La mobilità non è certamente quella di un tempo, ma il carisma trasuda a ogni movimento e la voce non ha ceduto nulla al passare degli anni. Una travolgente Secret World si dà il cambio con le atmosfere sottilmente inquietanti di Family And The Fishing Net. In No Self Control l’impianto luci diventa protagonista, con i membri della crew che comandano manualmente le braccia basculanti e Gabriel che ingaggia una specie di lotta con la gabbia di proiettori che pare avvilupparlo. L’atmosfera si alleggerisce con Solsbury Hill, dove la Steinberger di David Rhodes è protagonista assoluta. La sognante e raffinata Why Don’t You Show Yourself, impreziosita dal lavoro ai cori e al violoncello di Jennie Abrahamson e Linnea Olsson, chiude il set elettrico.
È il momento del dessert, come lo ha definito Gabriel all’inizio. Red Rain apre il sipario sul mondo multicolore di So. Sledgehammer viene introdotta dal pubblico che intona all’unisono la linea di tastiera introduttiva. Certo, a pensare al Gabriel del tour originario o anche solo quello di una decina di anni fa, la differenza è stridente. L’indemoniato folletto di un tempo è ora uno statico signore passato attraverso un esorcismo, anche un filo autoironico nel suo riproporre il balletto con Rhodes e Levin intabarrato nella sua palandrana con il cappuccio (ma non avrà avuto caldo?). In Don’t Give Up la Abrahamson si deve confrontare con il fantasma di Kate Bush, compito improbo ma affrontato egregiamente. Dopo That Voice Again, tocca a Mercy Street, che Gabriel canta, come da tradizione, sdraiato per terra: il fascino del pezzo, unito alla splendida esecuzione, ne fanno uno dei momenti più alti ed emozionanti della serata concerto. Si torna su territori più pop con Big Time, l’ennesima hit le cui tonalità altissime costringono Gabriel alle prime sbavature vocali.

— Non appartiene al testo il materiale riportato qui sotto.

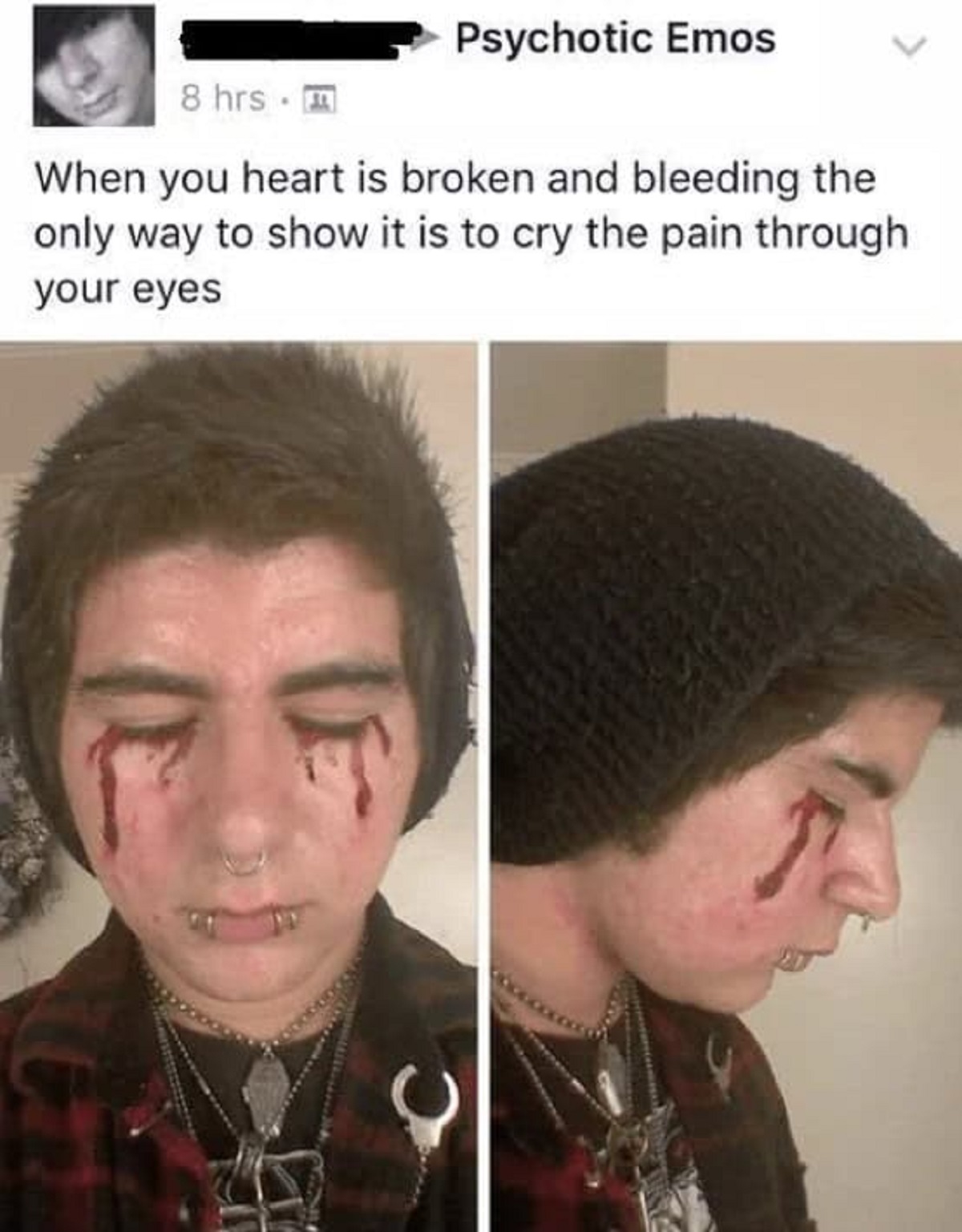 photo caption - C 8 hrs m Psychotic Emos When you heart is broken and bleeding the only way to show it is to cry the pain through your eyes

E poi ancora l’intreccio di percussioni sintetiche e acustiche nel crescendo circolare di This The Picture, prima del finale morbido di In Your Eyes. Non è finita ovviamente, perché c’è ancora spazio per una quarta parte, seppur non annunciata, quella dei bis. Che inizia con una devastante The Tower That Ate People, con Peter che finisce ingoiato da una torre di stoffa bianca, per approdare alla conclusione naturale di Biko: il gruppo lascia progressivamente il palco lasciando a Katché, e all’enorme fotografia dell’attivista sudafricano anti-apartheid campeggiante sul maxi schermo, il compito di chiudere una serata speciale. Forse questo concerto non passerà alla storia, ma la storia del rock è passata di qui.